En 2012, se estrenó en Estados Unidos una serie de televisión llamada Revolution, que se podría categorizar como catastrofismo postmoderno, o apocalipsis de consumo.

La historia transcurre en una Tierra venida a menos porque se ha producido el Armagedón: el planeta entero se queda sin electricidad y hay que buscarse la vida a base de machetazos por la jungla de lo real −el «desierto de lo real» suena muy negativo en estos tiempos, incluso para los apocalipsis—, ciudades en ruinas colmadas de vegetación y comunidades que han tenido que volver a la época de los nómadas recolectores.

Estos “seminómadas” recolectores, a diferencia de sus ancestros, tienen que recrear su mundo desde lo que conocen: cierto gusto por lo hippy, que le da al ambiente un toque de neopaganismo. Es algo que, por cierto, también aparece de cuando en cuando en series como The Walking Dead.

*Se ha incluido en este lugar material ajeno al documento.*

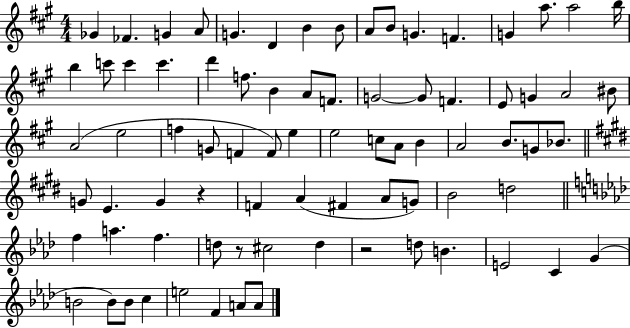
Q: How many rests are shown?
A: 3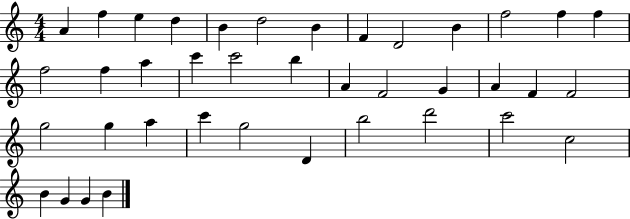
{
  \clef treble
  \numericTimeSignature
  \time 4/4
  \key c \major
  a'4 f''4 e''4 d''4 | b'4 d''2 b'4 | f'4 d'2 b'4 | f''2 f''4 f''4 | \break f''2 f''4 a''4 | c'''4 c'''2 b''4 | a'4 f'2 g'4 | a'4 f'4 f'2 | \break g''2 g''4 a''4 | c'''4 g''2 d'4 | b''2 d'''2 | c'''2 c''2 | \break b'4 g'4 g'4 b'4 | \bar "|."
}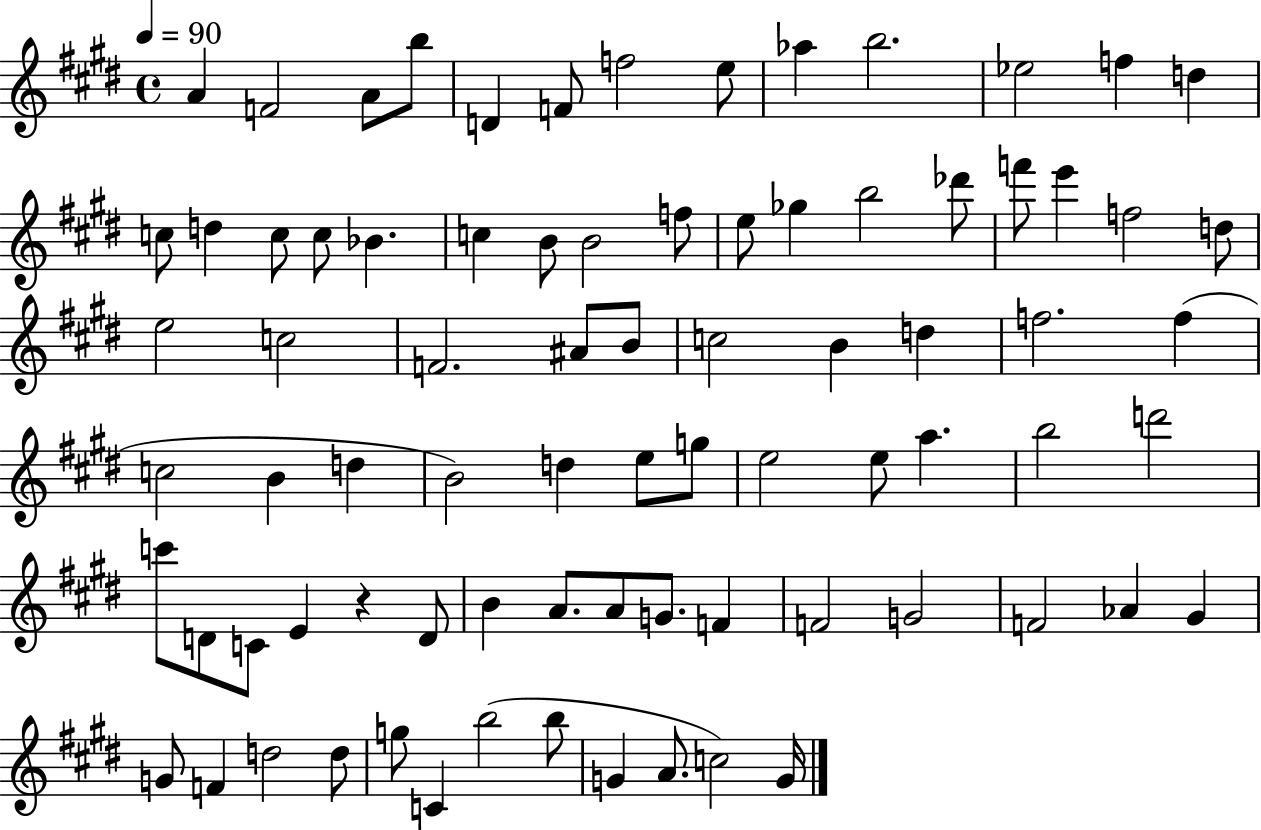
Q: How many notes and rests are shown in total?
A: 80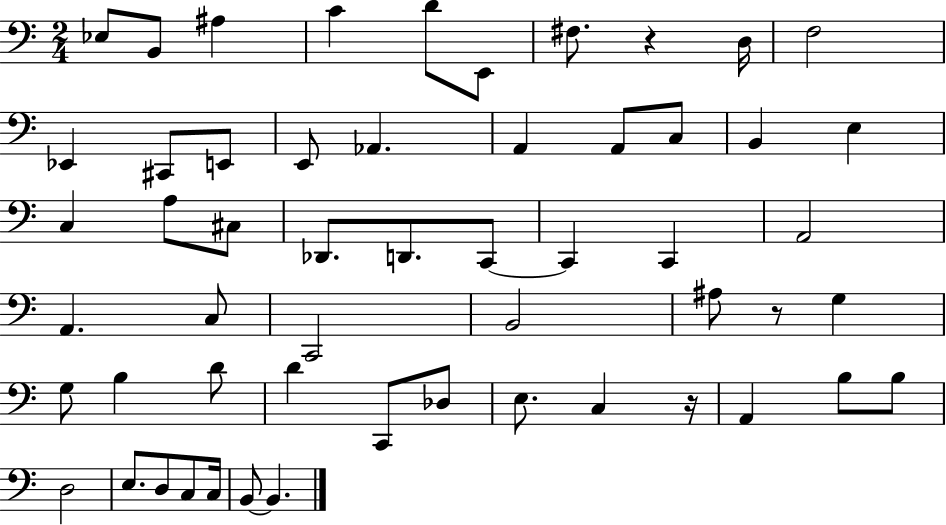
{
  \clef bass
  \numericTimeSignature
  \time 2/4
  \key c \major
  ees8 b,8 ais4 | c'4 d'8 e,8 | fis8. r4 d16 | f2 | \break ees,4 cis,8 e,8 | e,8 aes,4. | a,4 a,8 c8 | b,4 e4 | \break c4 a8 cis8 | des,8. d,8. c,8~~ | c,4 c,4 | a,2 | \break a,4. c8 | c,2 | b,2 | ais8 r8 g4 | \break g8 b4 d'8 | d'4 c,8 des8 | e8. c4 r16 | a,4 b8 b8 | \break d2 | e8. d8 c8 c16 | b,8~~ b,4. | \bar "|."
}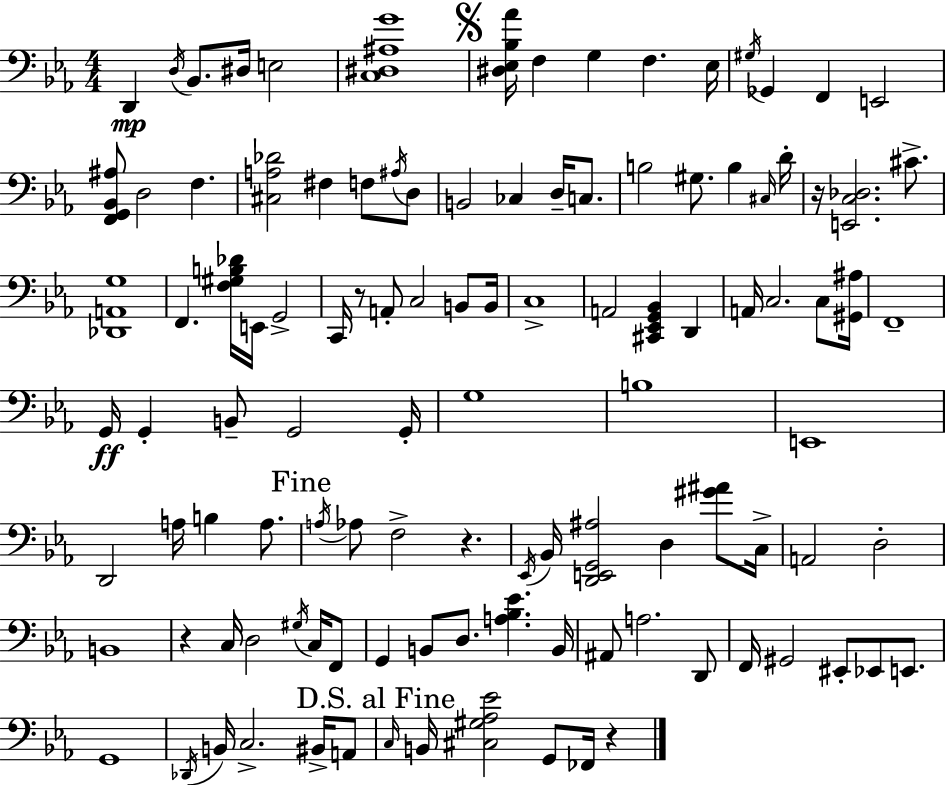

Nada tiene que ver con la verdad de la naturaleza, el terrorífico diezmo de la Gran Madre, quien exige una cuota cíclica de muerte para que prosiga la vida, el corazón de las tinieblas al estilo de Conrad, la angustiante y desesperante podredumbre que la civilización ha de ocultar bajo capas y capas de pintura blanca y pastel, como en las películas de David Lynch, para seguir dándoselas de civilización mientras su decorado es carcomido por la oscura verdad del ser humano y sus circunstancias.

El caso es que Heather Havrilesky reflexionaba en su día sobre estas derivas de la ficción en el suplemento del que es colaboradora habitual, el Vulture del New York Magazine. Su conclusión era que, en los tiempos que corren, buena parte del mundo civilizado comparte de forma más o menos íntima el sueño de un apocalipsis que acabe con todo y permita comenzar de nuevo, a ver si así se cumplen los sueños particulares de cada cual en una utopía tan universal que haga felices a todos. Es lo que se podría llamar el sueño de una utopía de utopías. Una metautopía.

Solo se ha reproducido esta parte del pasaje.